Lamparilla, armado hasta los dientes y seguido de tres criados llegó sin novedad al rancho de Santa María de la Ladrillera. No obstante lo preocupado que estaba y pensando naturalmente que lo amagaba un grave peligro del que trataba de salvarlo el licenciado Olañeta, o más bien dicho, seguro de que Evaristo quería asesinar a Cecilia y a él, fue esta visita un motivo de agradables recuerdos.

Lamparilla no tuvo ninguna dificultad para saber lo que el licenciado don Pedro Martín consideraba como muy delicado y difícil.

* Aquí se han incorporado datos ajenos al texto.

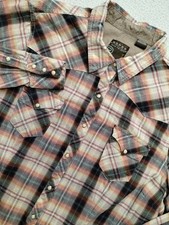Roper Long Sleeve Pearl Snap Western Shirt XL Plaid Casual Cowboy Ranch Farm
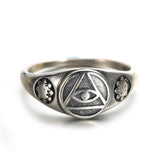 Gothic God's Eye Ring Vintage Totem Thin Ring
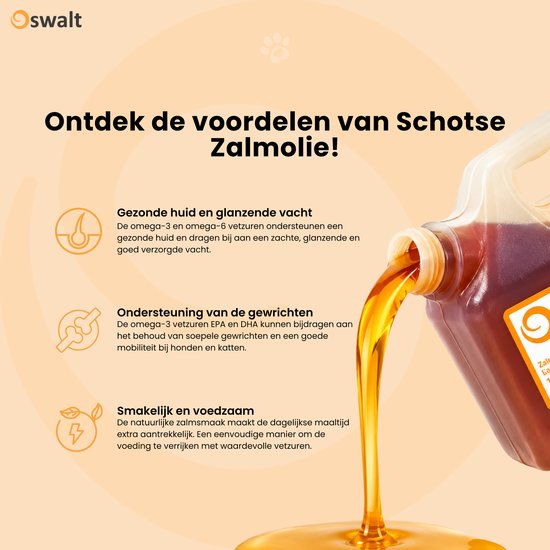 Fles Oswalt Schotse zalmolie die wordt uitgegoten, met iconen voor huid, gewrichten en voeding.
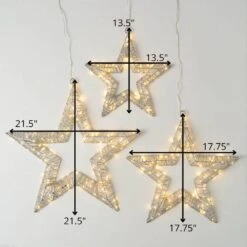 13.75", 17.75" & 21.5" Christmas Silver Lighted Star Set Of 3 -Northlight Shop sullivans christmas novelty lights met2390 44 1000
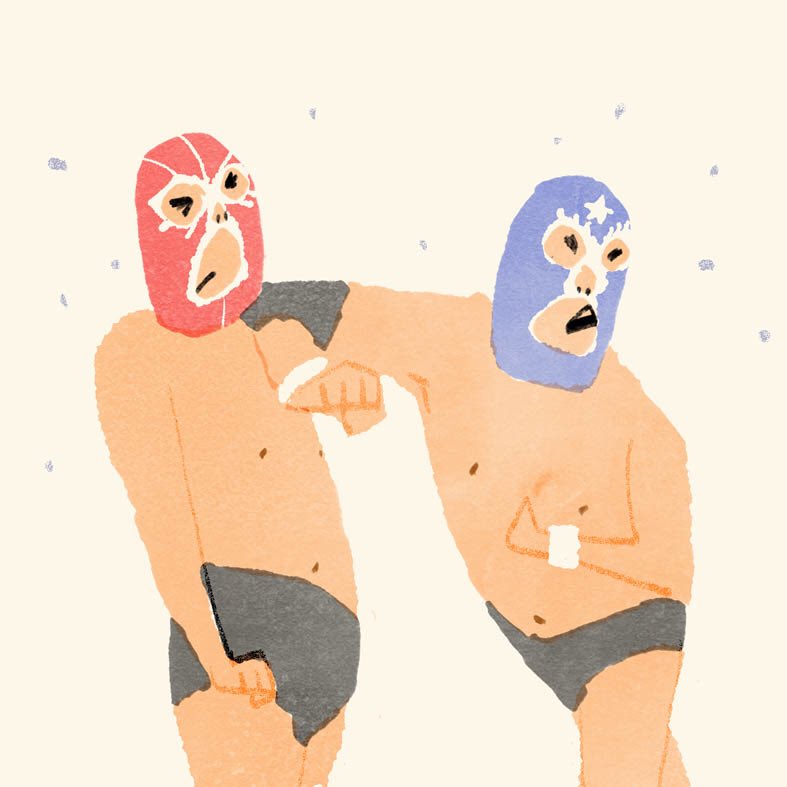 「エルボー #プロレス 」|飯田研人 Kento IIDAのイラスト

A la primera interpelación de Lamparilla, Jipila le contestó riéndose:

- ¡Ya iba yo a darle yerbas venenosas ni a ése ni a ninguno! Vino aquí un ranchero que llaman el Aposentador y que vende pasturas a los arrieros y a las caballerías que andan en el monte. Aquí compra mucha cebada y paja, y se la lleva en carros. Me dijo que tenía una mujer que le daba mala vida y se la pegaba con todo el mundo, y que estaba celoso y la quería matar, pero de modo que no se conociera que él lo había hecho. Me rogó, me ofreció dinero, me amenazó y cuanto usted quiera, y yo a ni responderle a tanto chisme, hasta que, por quitármelo de encima, le di unas semillas secas de árbol del Pirúl, asegurándole que con cuatro que se echaran en el chocolate o en el caldo, bastaba para matar una gente sin que quedara rastro alguno que los médicos pudiesen conocer.

Don Pedro Martín, con la mayor prudencia y secreto, dispuso que gente de policía disfrazada rondara por la casa de Lamparilla, y en efecto, fueron aprehendidos por sospechosos tres hombres, a quienes se les encontraron puñales, y fueron enviados a la cárcel por portadores de armas prohibidas. En el mercado se estableció vigilancia y se vieron hombres de mala catadura que acechaban el puesto; pero como estaba cerrado, nada hicieron que diese motivo para aprehenderlos; y en cuanto al chocolate, él mismo sorprendió a la cocinera en el momento que echaba en la leche unas bolitas negras. Cargó con el jarro a su cuarto, diciendo a la criada que guardase el más profundo silencio si no quería ser castigada, y lo envió a Leopoldo Río de la Loza para que lo analizara. Al día siguiente el sabio químico lo devolvió, diciendo que no había más que cuatro semillas secas del árbol del Pirúl, lo que comprobÓ después la declaración que hizo Jipila a Lamparilla. Evitado el peligro y frustrada la tentativa de un triple asesinato, Lamparilla volvió a México y Cecilia a su puesto; quedó este negocio en el secreto, y el licenciado Olañeta mismo no le dio gran importancia; pero reunido esto a los antecedentes que tenía, pensaba que de un momento a otro tendría entre las manos los hilos de una tenebrosa trama que quizá lo envolvería a él mismo en una eterna desgracia, y esperaba a cada instante una nueva visita de Casilda.